Your task is to copy the listing exactly, with the pictures left out.

### Information provided
__________________________________________________

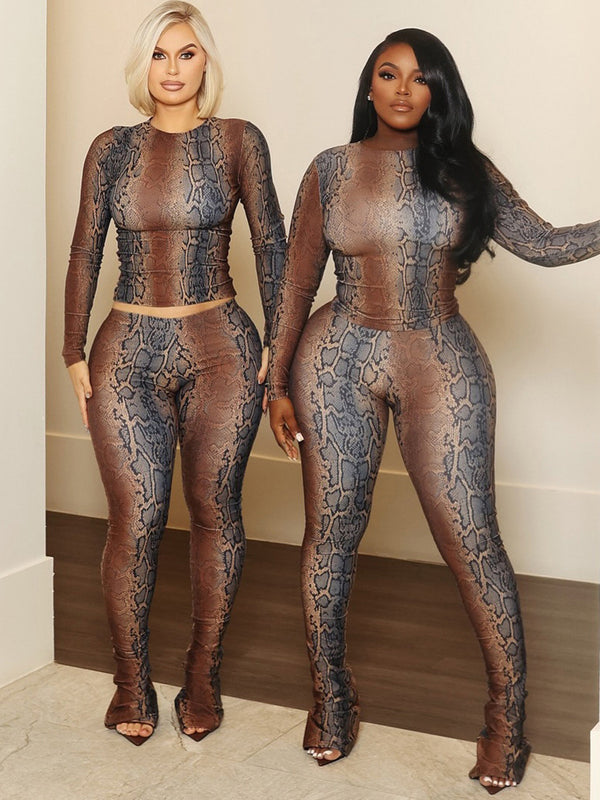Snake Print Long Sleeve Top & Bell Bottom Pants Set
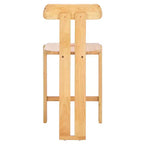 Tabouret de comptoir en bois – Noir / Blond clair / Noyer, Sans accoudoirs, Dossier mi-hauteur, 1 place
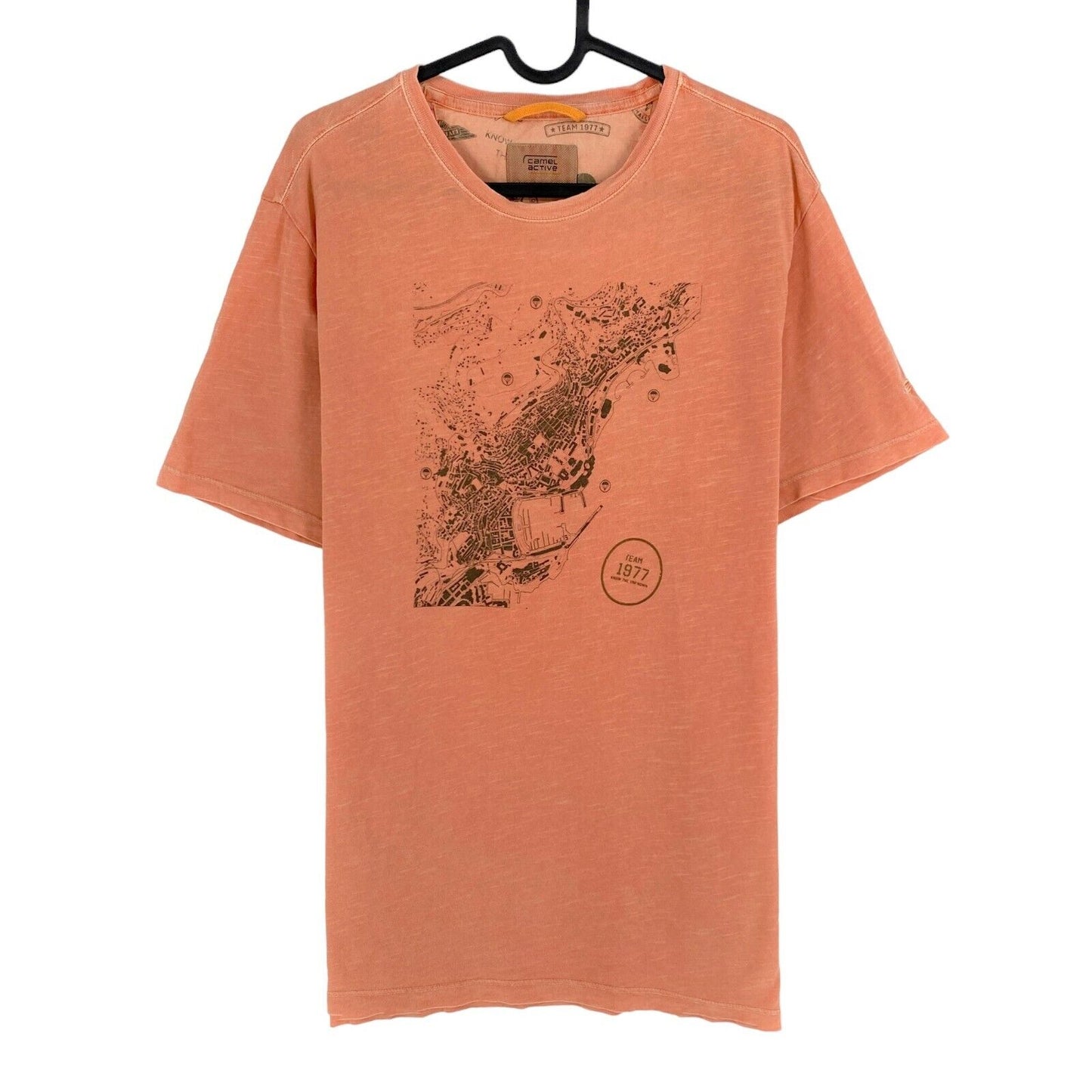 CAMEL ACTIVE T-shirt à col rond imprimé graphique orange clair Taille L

__________________________________________________

### Written solution
Snake Print Long Sleeve Top & Bell Bottom Pants Set
 Tabouret de comptoir en bois – Noir / Blond clair / Noyer, Sans accoudoirs, Dossier mi-hauteur, 1 place
 CAMEL ACTIVE T-shirt à col rond imprimé graphique orange clair Taille L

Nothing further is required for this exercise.